Last week I took the plunge and tried to get HTML mail working.
As an early internet adaptor and ex Pine user, I still have mixed feelings about HTML mail, but it’s just so much eaiser to read, esp. with newsletters, that I cannot deny its usefulness.
Coming back to local mail with Haiku - getting more everyday capable every day… - I missed the nice renderin in GMail, so I set out to find a lightweight, easy to port HTML rendering library without dragging in webkit or other high profile browser engines.
I quickly found out there was an older and incomplete libhtml port by @adamfowleruk so I forked it and made it consume my latest port of liblitehtml 0.9.
I cleaned up the CMake config and made it behave properly under Haiku, added native support for libnet2 and using the new but still private BNetwork API.
It looks already quite nice, consuming local and remote images, loading style sheets and all.
However, coming to the point, I get this strange heap memory corruption with remote requests, when the local (!) BHttpRequest object is destroyed at the end of the scope:
This seems to be a race condition but I’m using the synchronous API so the method shouldn’t exit before the object is destroyed…
Yesterday I had this working with all web sites I tested, but today after changing some logic it always crashes on external sites (only then the HttpRequest is used, obviously).
Any idea what I’m doing wrong here?
You can find the code in question here:
Nice job! There’s another use case for litehtml: a native alternative to Zeal.
Having control over a native app could open to many interesting scenarios.

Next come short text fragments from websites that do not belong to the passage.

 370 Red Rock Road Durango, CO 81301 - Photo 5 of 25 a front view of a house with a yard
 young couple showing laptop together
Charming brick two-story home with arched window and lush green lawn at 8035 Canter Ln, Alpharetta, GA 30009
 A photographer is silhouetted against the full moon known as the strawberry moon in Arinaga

Thanks, well first I have to make it work reliably without crashing, so I’d really appreciate some help here…
Then I’d make it into a proper recipe for Haiku Ports and submit the library there.
I’m willing to work on the necessary changes to integrate this into the Mail app in a secure way, I’ve already an implementation in mind.

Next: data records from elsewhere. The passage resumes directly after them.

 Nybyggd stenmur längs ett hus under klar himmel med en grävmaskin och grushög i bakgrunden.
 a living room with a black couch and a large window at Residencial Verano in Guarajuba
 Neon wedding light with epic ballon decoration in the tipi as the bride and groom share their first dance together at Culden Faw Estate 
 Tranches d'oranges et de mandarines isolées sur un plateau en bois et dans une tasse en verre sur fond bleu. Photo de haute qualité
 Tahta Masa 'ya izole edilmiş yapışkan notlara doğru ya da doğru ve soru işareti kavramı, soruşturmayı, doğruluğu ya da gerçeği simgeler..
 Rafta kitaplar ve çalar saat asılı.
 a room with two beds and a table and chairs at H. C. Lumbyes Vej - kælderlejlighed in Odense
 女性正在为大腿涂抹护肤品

Lately I need to at least support opening links. The needed foundation is already provided by liblitehtml but it needs to be implemented on the frontend, deriving the relevant link from the mouse click position.

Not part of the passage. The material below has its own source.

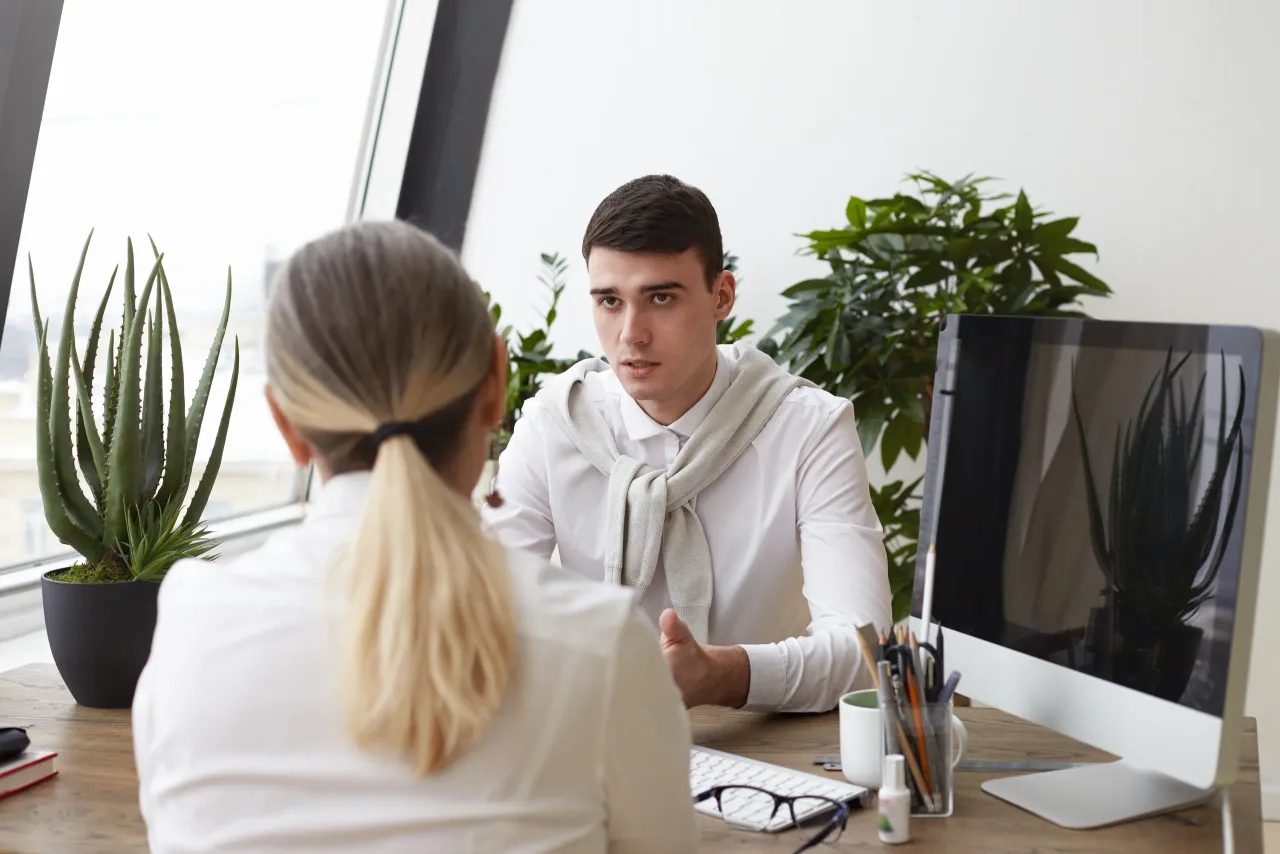 handsome serious young man hr specialist interviewing unrecognizable female with ponytail job interview asking questions about her experience skills employment human resources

Text selection inside a contiguous block would also be quite easy to add it seems.
My original plan was to use netsurf librarier for this, it seems you already have quite a chunk done with this other library, one thing to keep in mind is also that there will be a native webkit2 based api for these use cases aswell.
got it working quite well now, Haiku website renders, kind of;-)
(it’s really intended for local use only, anyway, so I’ll work on resolving links and then try integrating with the Mail app).
The issue was caused by using fresh HttpSession objects on the heap for every remote call, which was an oversight and is now remedied by using a field. Crashes gone.
Nice work! if you cannot resolve links or intergration with the mail app, you could try surf. It does build and works nicely. I was never was able to get dmenu working on it.
thanks, I’m almost there.
Links are supported out of the box, I just had to add some integration code from BView::Mouse...() methods to call liblitehtml’s hook functions that in turn call the Haiku container when links are clicked or mouse hover events should be handled.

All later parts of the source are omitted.